Quick ideas with CABBAGES
- For a fresh side dish, sauté thinly sliced granny smith apple in butter and olive oil until soft. Set aside then cook shredded red cabbage in a little apple juice until just wilted. Stir through apples then serve with pork.
- For a fresh salad, combine shredded red and green cabbage with grated carrot, bean sprouts, thinly sliced red capsicum and sliced shallots. Toss together with crispy noodles then drizzle with sweet chilli sauce and lime juice.

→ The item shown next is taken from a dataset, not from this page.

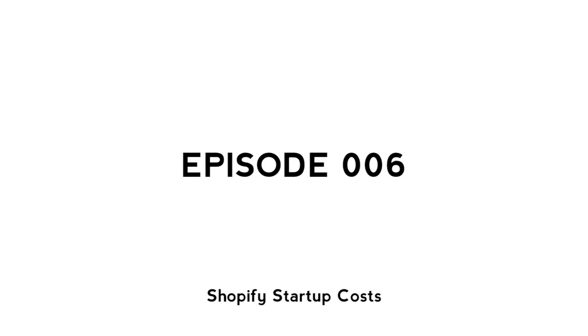Yo what's up guys, it's Nash here coming back at you with a brand new video. I'm outside tonight because it's super nice and I like it. Today we're talking about the Shopify startup cost — how much money do you actually need to get started. You might be surprised because it's not really that much.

- For a fresh coleslaw, combine shredded red and green cabbage with grated carrot. Add a little mayonnaise and lemon juice then toss to combine.
Nutritional Information:
Cabbage is a good source of vitamin C. Among other benefits, this vitamin helps with wound healing, as well as helping to boost immunity. Darker green cabbage leaves are also a source of beta carotene, which the body converts to vitamin A.
| Quantity per serve (100g) | Quantity per 100g | |
|---|---|---|
| Energy | 70kJ | 70kJ |
| Protein | 1.7g | 1.7g |
| Fat, total | 0.1g | 0.1g |
| -saturated | 0.0g | 0.0g |
| Carbohydrate | 2.3g | 2.3g |
| -sugars | 2.3g | 2.3g |
| Dietary fibre, total | 3.4g | 3.4g |
| Sodium | 23mg | 23mg |
| Vitamin A equivalents | 165mcg* | 165mcg* |
| Folate | 150mcg | 150mcg |
| Vitamin C | 38.3mg | 45mg |
| Potassium | 279mg | 328mg |
QUANTITIES STATED ABOVE ARE AVERAGES ONLY
PLEASE NOTE
This information may vary due to seasonal influences and varietal differences. This fact sheet is not a substitute for specific dietary advice.